- PROBLEM STATEMENT: Write each entry down again precisely, skipping nothing.

[[ INPUT FOR THIS TASK, beginning ]]

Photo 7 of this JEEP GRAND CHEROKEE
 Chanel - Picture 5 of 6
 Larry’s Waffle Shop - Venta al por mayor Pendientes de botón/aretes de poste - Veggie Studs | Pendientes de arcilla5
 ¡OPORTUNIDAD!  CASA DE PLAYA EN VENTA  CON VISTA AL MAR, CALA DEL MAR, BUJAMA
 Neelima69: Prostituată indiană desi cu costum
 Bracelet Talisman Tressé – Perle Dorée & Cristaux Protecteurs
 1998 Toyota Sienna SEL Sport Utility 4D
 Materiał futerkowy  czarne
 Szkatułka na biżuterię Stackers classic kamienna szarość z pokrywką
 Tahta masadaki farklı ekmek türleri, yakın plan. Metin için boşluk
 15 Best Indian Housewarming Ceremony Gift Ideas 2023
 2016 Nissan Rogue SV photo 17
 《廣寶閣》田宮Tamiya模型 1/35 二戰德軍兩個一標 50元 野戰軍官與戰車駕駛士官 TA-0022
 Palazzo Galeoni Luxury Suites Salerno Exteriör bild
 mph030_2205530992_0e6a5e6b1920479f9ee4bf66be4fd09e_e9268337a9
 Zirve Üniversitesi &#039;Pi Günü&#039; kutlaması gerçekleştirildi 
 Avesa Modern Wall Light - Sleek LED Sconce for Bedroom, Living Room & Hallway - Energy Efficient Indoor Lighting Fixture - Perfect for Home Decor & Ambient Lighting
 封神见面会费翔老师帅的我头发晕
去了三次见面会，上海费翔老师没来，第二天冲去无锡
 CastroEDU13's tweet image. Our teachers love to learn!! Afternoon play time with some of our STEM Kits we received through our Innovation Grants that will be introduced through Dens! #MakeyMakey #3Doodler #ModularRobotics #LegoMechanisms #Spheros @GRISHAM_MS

[[ INPUT FOR THIS TASK, end ]]

- TASK OUTPUT:
Photo 7 of this JEEP GRAND CHEROKEE
 Chanel - Picture 5 of 6
 Larry’s Waffle Shop - Venta al por mayor Pendientes de botón/aretes de poste - Veggie Studs | Pendientes de arcilla5
 ¡OPORTUNIDAD!  CASA DE PLAYA EN VENTA  CON VISTA AL MAR, CALA DEL MAR, BUJAMA
 Neelima69: Prostituată indiană desi cu costum
 Bracelet Talisman Tressé – Perle Dorée & Cristaux Protecteurs
 1998 Toyota Sienna SEL Sport Utility 4D
 Materiał futerkowy  czarne
 Szkatułka na biżuterię Stackers classic kamienna szarość z pokrywką
 Tahta masadaki farklı ekmek türleri, yakın plan. Metin için boşluk
 15 Best Indian Housewarming Ceremony Gift Ideas 2023
 2016 Nissan Rogue SV photo 17
 《廣寶閣》田宮Tamiya模型 1/35 二戰德軍兩個一標 50元 野戰軍官與戰車駕駛士官 TA-0022
 Palazzo Galeoni Luxury Suites Salerno Exteriör bild
 mph030_2205530992_0e6a5e6b1920479f9ee4bf66be4fd09e_e9268337a9
 Zirve Üniversitesi &#039;Pi Günü&#039; kutlaması gerçekleştirildi 
 Avesa Modern Wall Light - Sleek LED Sconce for Bedroom, Living Room & Hallway - Energy Efficient Indoor Lighting Fixture - Perfect for Home Decor & Ambient Lighting
 封神见面会费翔老师帅的我头发晕
去了三次见面会，上海费翔老师没来，第二天冲去无锡
 CastroEDU13's tweet image. Our teachers love to learn!! Afternoon play time with some of our STEM Kits we received through our Innovation Grants that will be introduced through Dens! #MakeyMakey #3Doodler #ModularRobotics #LegoMechanisms #Spheros @GRISHAM_MS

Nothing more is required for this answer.